Daniel Zapata, Respondent,
v
County of Suffolk et al., Appellants.

—[*1]

In an action to recover damages for personal injuries, the defendants appeal from an order of the Supreme Court, Suffolk County (Burke, J.), dated February 21, 2003, which denied their motion to dismiss the complaint on the ground that the plaintiff failed to comply with General Municipal Law § 50-h.

Ordered that the order is reversed, on the law, with costs, the motion is granted, and the complaint dismissed.

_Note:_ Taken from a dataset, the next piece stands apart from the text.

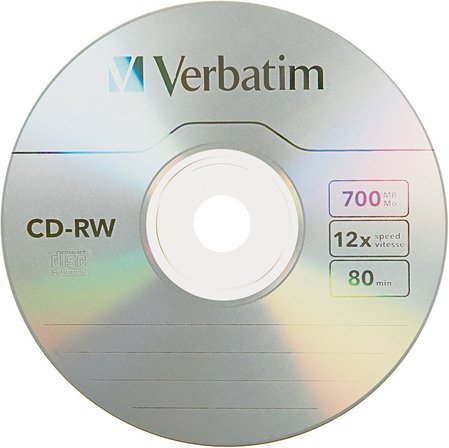 Verbatim Cd-Rw 700Mb 4X-12X Yeniden Yazılabilir Boş Medya - İnce Mücevher Kılıflarında 10 Disk, Gümü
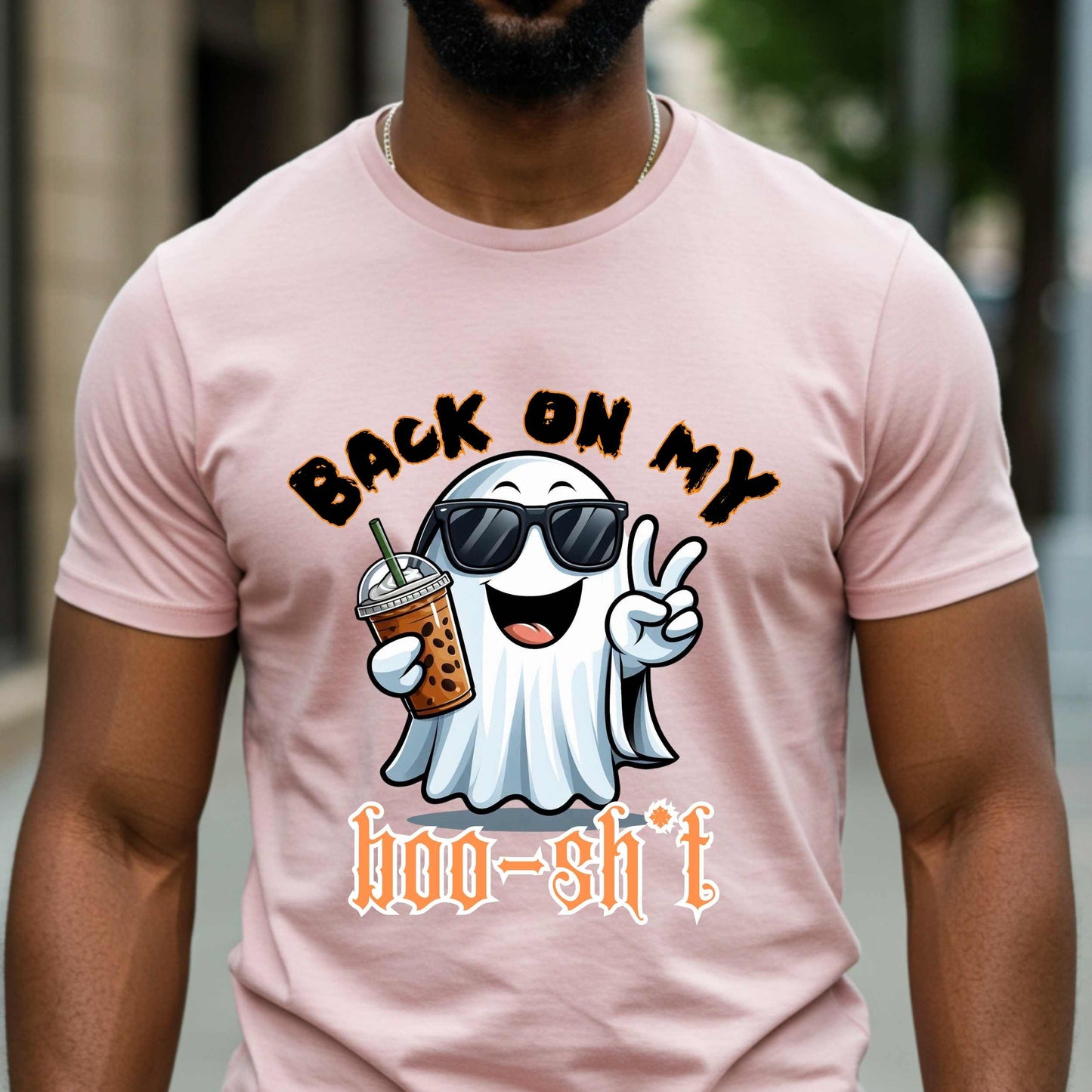 Funny Halloween Tee, Back on my Boo Sh*t, Spooky Ghost Graphic T Shirt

The plaintiff did not appear for his scheduled General Municipal Law § 50-h hearing because he was incarcerated at a correctional facility upstate. In response to the plaintiff's inquiry, the County of Suffolk advised him that he was responsible for taking the necessary steps to arrange for his attendance at the municipal hearing in accordance with Civil Rights Law § 79. No further action was taken by either party until the plaintiff commenced this action.

A party who has failed to comply with General Municipal Law § 50-h is precluded from commencing an action against a municipality (see Patterson v Ford, 255 AD2d 373 [1998]; Heins v Board of Trustees of Inc. Vil. of Greenport, 237 AD2d 570 [1997]; Arcila v Incorporated Vil. of Freeport, 231 AD2d 660 [1996]). We disagree with the Supreme Court's conclusion that the plaintiff's incarceration constituted an exceptional circumstance excusing his failure to appear for the repeatedly adjourned hearing and that the municipal defendant was obligated to arrange for his attendance at the hearing (see Scalzo v County of Suffolk, 306 AD2d 397 [2003]; Civil Rights Law § 79).

We reject the plaintiff's contention that the appeal should be dismissed as untimely taken as there is no evidence as to when the order with notice of entry was allegedly served upon the defendants (see Deshler v East W. Renovators, 259 AD2d 351, 352 [1999]; Sandcham Realty Corp. v Taub, 299 AD2d 220, 221 [2002]). S. Miller, J.P., Krausman, Rivera and Covello, JJ., concur.